** TASK ITEM **
Type out the complete listing below word for word, without its pictures.

** DATASET EXTRACT **
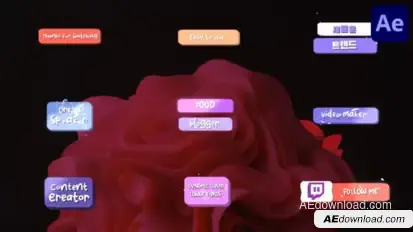 Dynamic Liquid Lower Thirds for After Effects Elements template preview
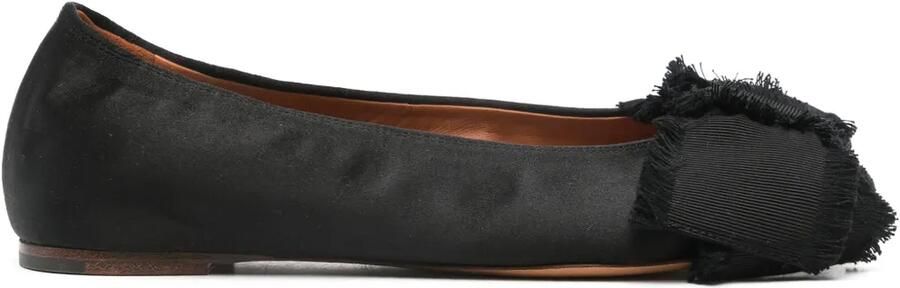 Lanvin Ballerina's verfraaid met strik Zwart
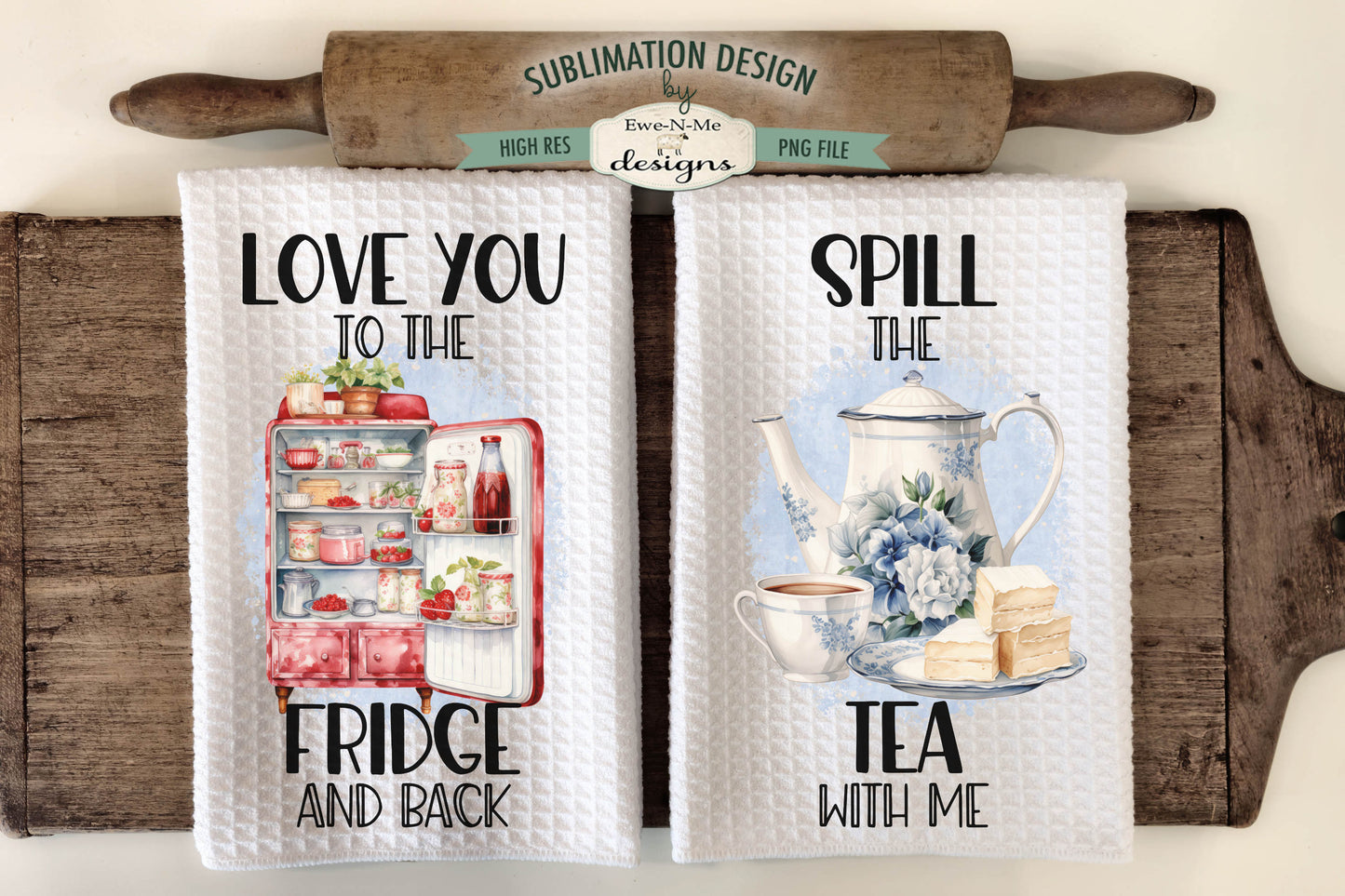 Old Fashioned Kitchen - Kitchen Towel Sublimation Designs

** RESULT **
 Dynamic Liquid Lower Thirds for After Effects Elements template preview
 Lanvin Ballerina's verfraaid met strik Zwart
 Old Fashioned Kitchen - Kitchen Towel Sublimation Designs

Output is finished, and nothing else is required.